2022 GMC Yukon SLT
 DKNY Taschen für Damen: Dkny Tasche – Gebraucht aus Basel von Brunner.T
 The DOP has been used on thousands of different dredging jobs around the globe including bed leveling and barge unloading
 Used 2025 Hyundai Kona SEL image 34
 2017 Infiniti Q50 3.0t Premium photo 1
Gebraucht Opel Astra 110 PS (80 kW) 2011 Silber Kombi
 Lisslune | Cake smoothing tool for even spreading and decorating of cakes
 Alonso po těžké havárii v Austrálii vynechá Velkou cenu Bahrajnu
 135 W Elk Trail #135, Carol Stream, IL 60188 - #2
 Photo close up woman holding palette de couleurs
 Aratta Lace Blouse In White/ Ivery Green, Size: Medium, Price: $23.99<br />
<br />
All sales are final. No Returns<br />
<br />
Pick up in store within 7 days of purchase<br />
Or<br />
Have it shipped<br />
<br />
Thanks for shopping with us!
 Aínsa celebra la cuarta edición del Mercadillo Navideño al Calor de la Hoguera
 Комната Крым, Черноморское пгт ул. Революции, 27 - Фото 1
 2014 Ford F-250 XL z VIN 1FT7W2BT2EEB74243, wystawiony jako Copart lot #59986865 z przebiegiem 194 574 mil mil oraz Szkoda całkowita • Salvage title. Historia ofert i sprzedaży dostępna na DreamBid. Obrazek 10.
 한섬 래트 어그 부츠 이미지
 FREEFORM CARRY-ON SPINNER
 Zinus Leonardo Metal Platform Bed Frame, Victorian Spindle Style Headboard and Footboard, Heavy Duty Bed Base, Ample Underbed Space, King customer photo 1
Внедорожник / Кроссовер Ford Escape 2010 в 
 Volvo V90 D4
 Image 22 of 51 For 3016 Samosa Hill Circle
_ _ _ _ _
■ **Instructions to follow**: Once the line containing "Комната Крым, Черноморское" is found, please retype it and every remaining line of the listing above, exactly, with nothing else.

■ **Answer**:
 Комната Крым, Черноморское пгт ул. Революции, 27 - Фото 1
 2014 Ford F-250 XL z VIN 1FT7W2BT2EEB74243, wystawiony jako Copart lot #59986865 z przebiegiem 194 574 mil mil oraz Szkoda całkowita • Salvage title. Historia ofert i sprzedaży dostępna na DreamBid. Obrazek 10.
 한섬 래트 어그 부츠 이미지
 FREEFORM CARRY-ON SPINNER
 Zinus Leonardo Metal Platform Bed Frame, Victorian Spindle Style Headboard and Footboard, Heavy Duty Bed Base, Ample Underbed Space, King customer photo 1
Внедорожник / Кроссовер Ford Escape 2010 в 
 Volvo V90 D4
 Image 22 of 51 For 3016 Samosa Hill Circle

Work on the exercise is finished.